* **Task item**:
Reproduce the data in full, exactly as given, leaving images out.

* **Data**:

------------------------------------------------

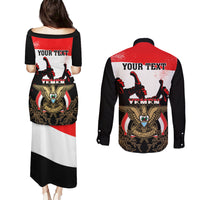 Personalised Yemen Independence Day Couples Matching Puletasi Dress and Long Sleeve Button Shirt Yemeni Coat Of Arms With Coffea Arabica Flowers - Wonder Print Shop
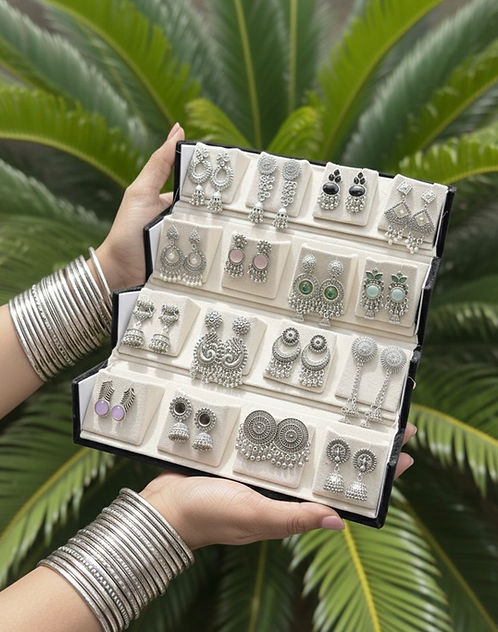 16 pair of beautiful Jhumka set – with organiser Box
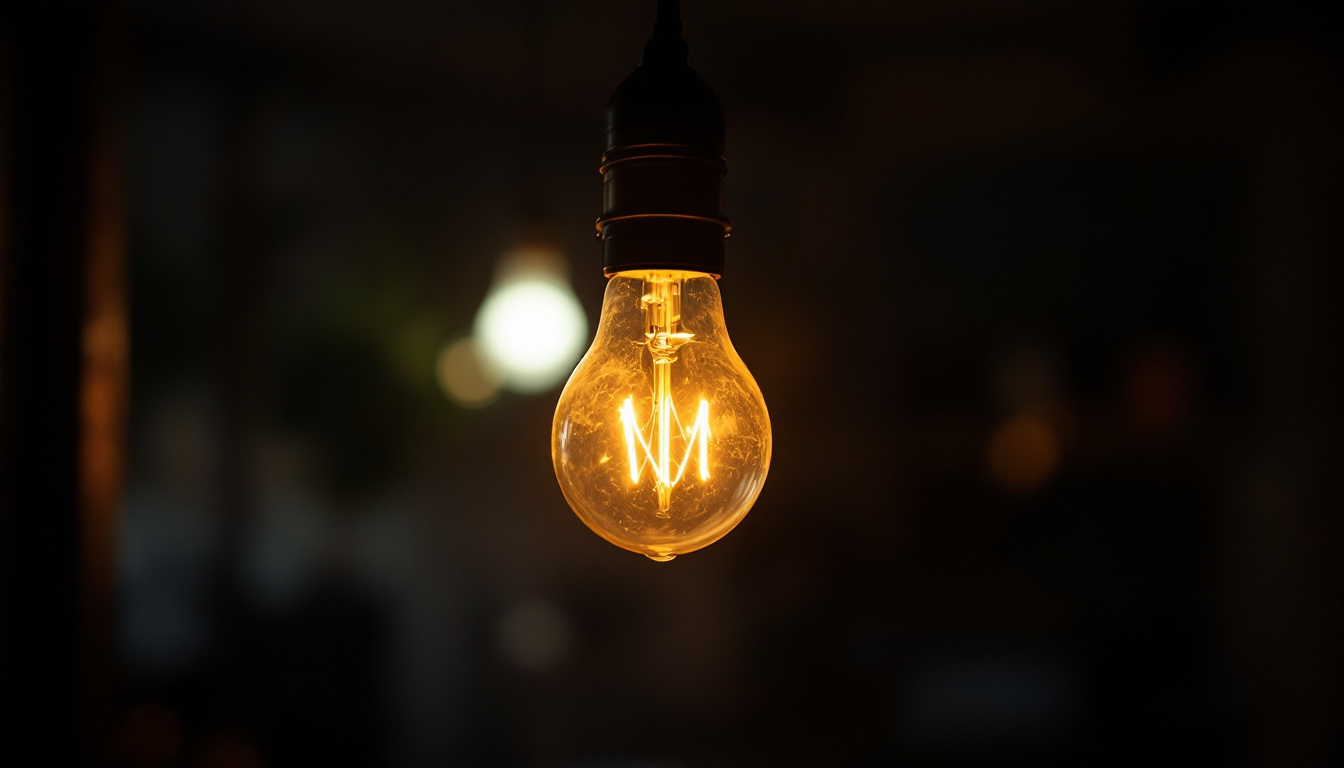 A photograph of a close-up of a flickering light bulb in a dimly lit environment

------------------------------------------------

* **Worked solution**:
 Personalised Yemen Independence Day Couples Matching Puletasi Dress and Long Sleeve Button Shirt Yemeni Coat Of Arms With Coffea Arabica Flowers - Wonder Print Shop
 16 pair of beautiful Jhumka set – with organiser Box
 A photograph of a close-up of a flickering light bulb in a dimly lit environment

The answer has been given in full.